§ **PROBLEM STATEMENT**
Please return only the lines from the one with "The video shows" through the final line of the data, unchanged, with pictures omitted.

§ **EXTRACTED RECORDS**
----------
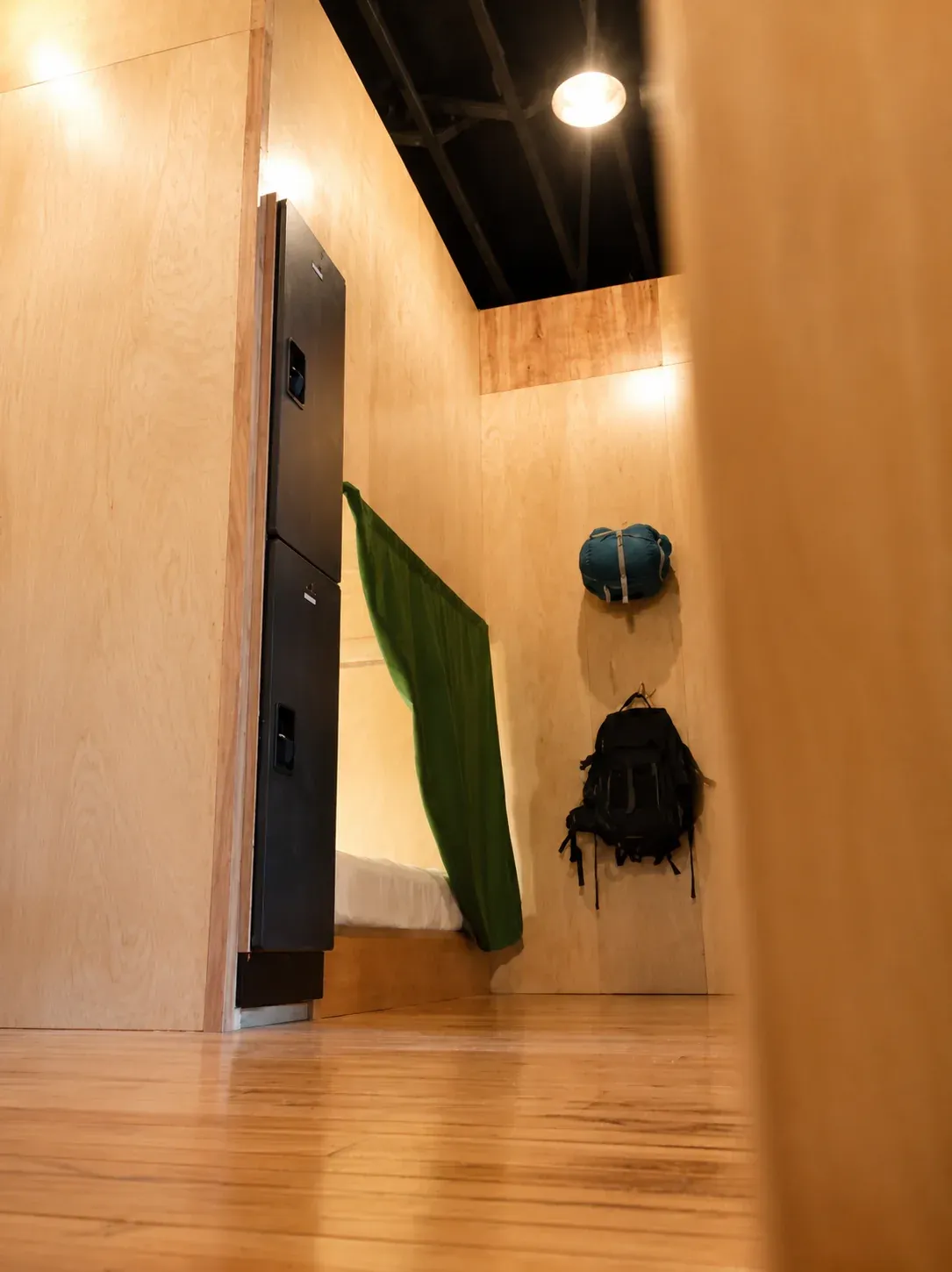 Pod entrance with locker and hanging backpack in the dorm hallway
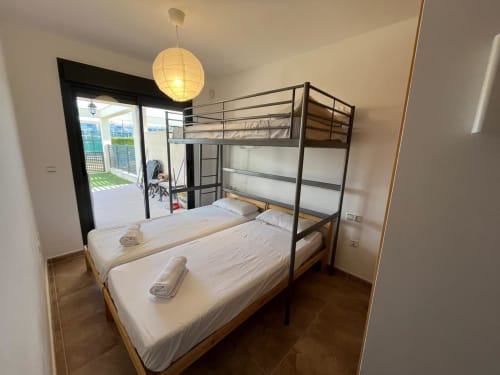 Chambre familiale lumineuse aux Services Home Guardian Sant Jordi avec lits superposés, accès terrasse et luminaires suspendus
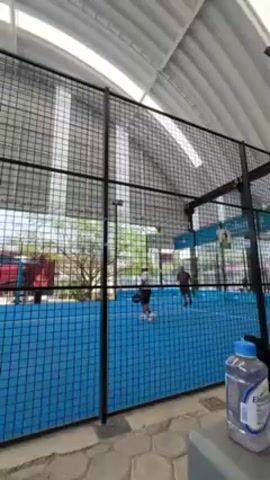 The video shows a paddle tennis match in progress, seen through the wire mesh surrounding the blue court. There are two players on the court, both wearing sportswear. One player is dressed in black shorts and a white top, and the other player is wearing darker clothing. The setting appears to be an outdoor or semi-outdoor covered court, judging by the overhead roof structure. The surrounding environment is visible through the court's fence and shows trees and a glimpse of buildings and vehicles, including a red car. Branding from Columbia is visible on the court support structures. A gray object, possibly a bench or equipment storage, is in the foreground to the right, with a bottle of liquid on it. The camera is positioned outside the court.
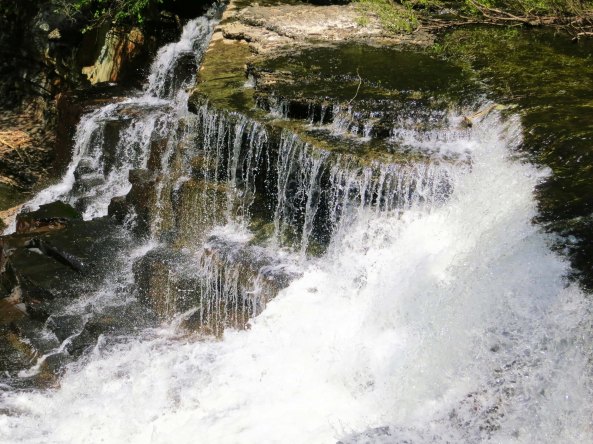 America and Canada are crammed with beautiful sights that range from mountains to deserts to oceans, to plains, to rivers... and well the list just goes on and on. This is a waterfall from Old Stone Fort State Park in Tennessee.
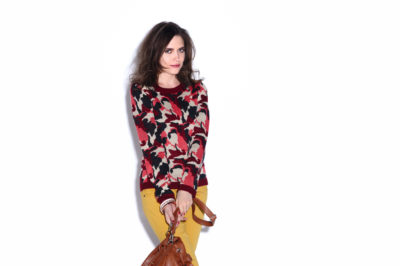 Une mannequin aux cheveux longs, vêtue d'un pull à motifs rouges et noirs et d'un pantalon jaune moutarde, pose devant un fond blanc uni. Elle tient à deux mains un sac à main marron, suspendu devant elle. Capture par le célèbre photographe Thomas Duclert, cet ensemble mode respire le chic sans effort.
----------
§ **RESPONSE**
 The video shows a paddle tennis match in progress, seen through the wire mesh surrounding the blue court. There are two players on the court, both wearing sportswear. One player is dressed in black shorts and a white top, and the other player is wearing darker clothing. The setting appears to be an outdoor or semi-outdoor covered court, judging by the overhead roof structure. The surrounding environment is visible through the court's fence and shows trees and a glimpse of buildings and vehicles, including a red car. Branding from Columbia is visible on the court support structures. A gray object, possibly a bench or equipment storage, is in the foreground to the right, with a bottle of liquid on it. The camera is positioned outside the court.
 America and Canada are crammed with beautiful sights that range from mountains to deserts to oceans, to plains, to rivers... and well the list just goes on and on. This is a waterfall from Old Stone Fort State Park in Tennessee.
 Une mannequin aux cheveux longs, vêtue d'un pull à motifs rouges et noirs et d'un pantalon jaune moutarde, pose devant un fond blanc uni. Elle tient à deux mains un sac à main marron, suspendu devant elle. Capture par le célèbre photographe Thomas Duclert, cet ensemble mode respire le chic sans effort.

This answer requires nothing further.